La palabra chingar es el gran ícono nietzscheano en México, no sólo por la disolución de fronteras que promueve entre los significados sino también por cargar, en su interior, la idea misma de violencia. “Para el mexicano la vida es una posibilidad de chingar o ser chingado.”
Quiere decir, de humillar, castigar y ofender. O el inverso” (Paz: 1996). O sea que el mexicano aspira a ser como el hombre noble de Nietzsche, aquel “capaz de crueldad y, en ocasiones, de lo que vulgarmente se considera como crimen. […] El hombre noble es, esencialmente, la encarnación de la voluntad de poder” (Russell: 1947). “Chingar es ejercer violencia sobre el otro” (Paz) y la violencia fue el denominador común entre las culturas mexica y española, engendrando una sociedad forjada por la fuerza bruta aunque a veces revestida de nobleza.
Esto nos lleva adelante en la teoría de Nietzsche: la justificación de las aristocracias conquistadoras. Para Nietzsche estas aristocracias son biológicamente superiores y para Paz “esta concepción de la vida social […] genera fatalmente la división de la sociedad en fuertes y débiles” y tiene como consecuencia el “servilismo ante los poderosos”.

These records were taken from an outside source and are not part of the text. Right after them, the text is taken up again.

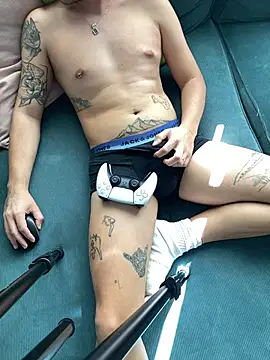 Snapshot of darkdecide chatting on 8, 11, 2025 darkdecide online show from 8, 11, 2025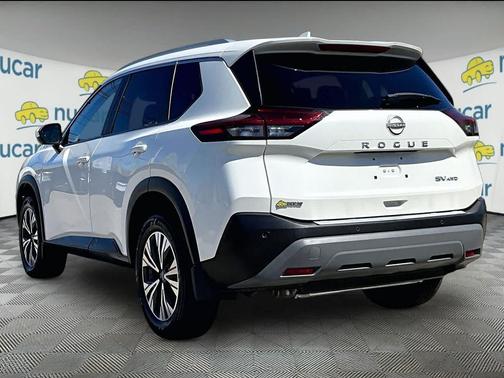 Pearl White Tricoat 2023 Nissan Rogue SV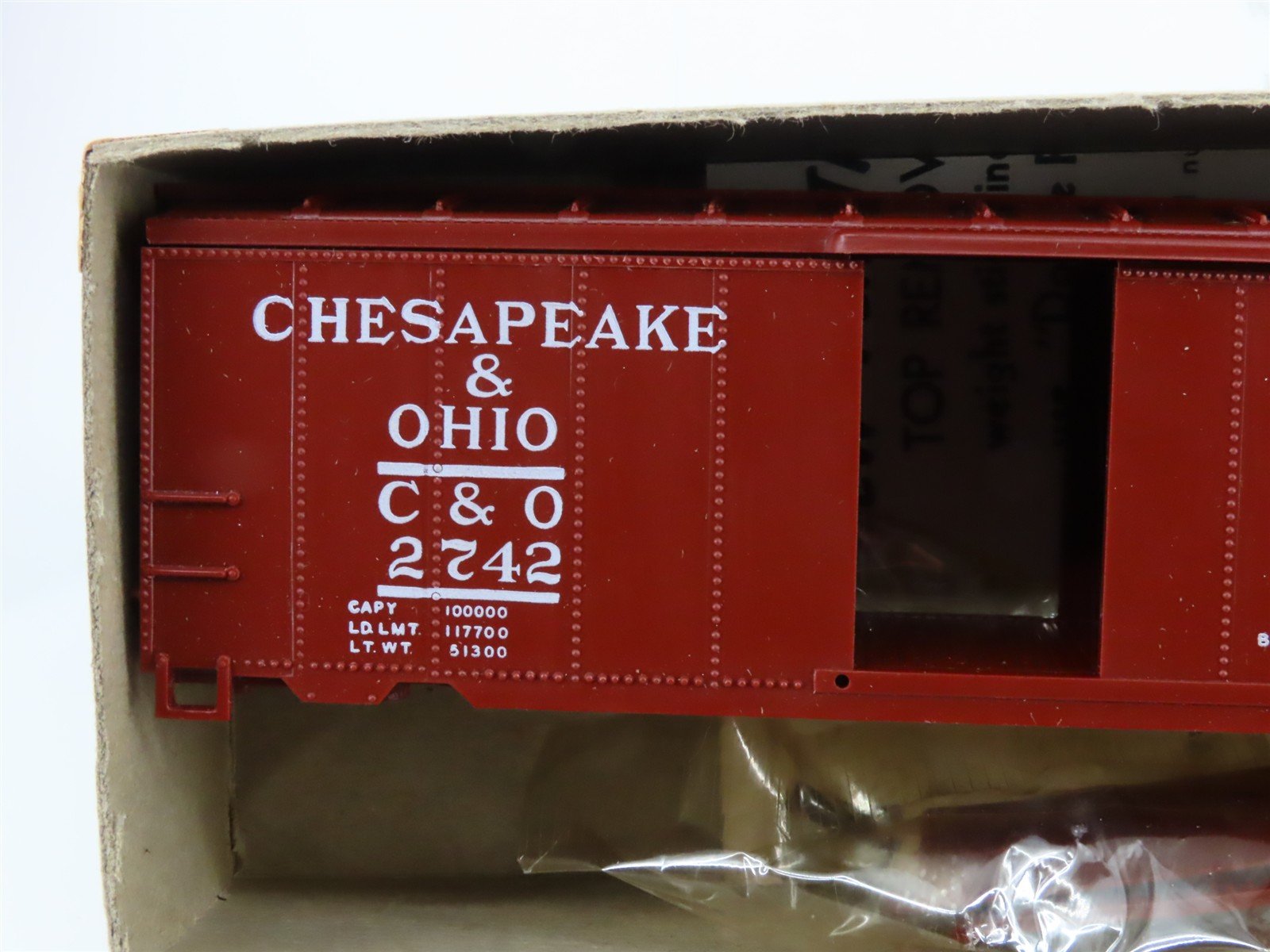 HO Scale Varney Kit B-100 C&O Chesapeake & Ohio Single Door Box Car #2742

Las concordancias entre el pensamiento de Nietzsche y la identidad mexicana no paran aquí; ambos admiran la fuerza de voluntad. Nietzsche dice: “Pruebo el poder de una voluntad por la cantidad de resistencia que puede ofrecer, la cantidad de dolor y de mortificación que puede soportar, y por la forma de saber volverlo en beneficio propio”. Los mitos mexicanos están llenos de héroes sufridores: “Quetzalcóatl, el dios del autosacrificio (crea el mundo, según el mito, lanzándose a la hoguera en Teotihuacan)” (Paz); Cuauhtémoc, el emperador azteca que aguantó el insoportable dolor de sus pies en el fuego, los niños héroes arrojándose al vacío o la llorona, madre sufridora. A estos mitos se añade fácilmente la imagen del Cristo redentor, clavado en la cruz y cubierto de heridas en todas partes. “Los grandes hombres sufren con grandeza, y los grandes sufrimientos no deben ser lamentados, porque son nobles” (Russell, p. 401).

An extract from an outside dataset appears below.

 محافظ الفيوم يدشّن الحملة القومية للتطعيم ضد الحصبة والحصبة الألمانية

Finalmente tenemos el desprecio de Nietzsche por las mujeres, reflejado en el antológico machismo mexicano, que se materializa en las palabras cuando se usan calificativos casi siempre positivos para las palabras relacionadas con el padre y negativos cuando se refieren a la madre. Solamente en los días recientes, y a duras penas, la mujer mexicana empieza a salir del segundo o tercer plano.
Por más sugerente que sea este análisis, basado en dos teóricos de la mexicanidad, explica sólo en parte la complejidad del ser mexicano y deja todavía una fina niebla sobre esta condición fugitiva e inefable que es responsable de la gran fascinación y seducción ejercida por México. Sí, existe una identidad mexicana, de la misma manera que existe para Heráclito la unidad, “compuesta de una combinación de elementos opuestos”.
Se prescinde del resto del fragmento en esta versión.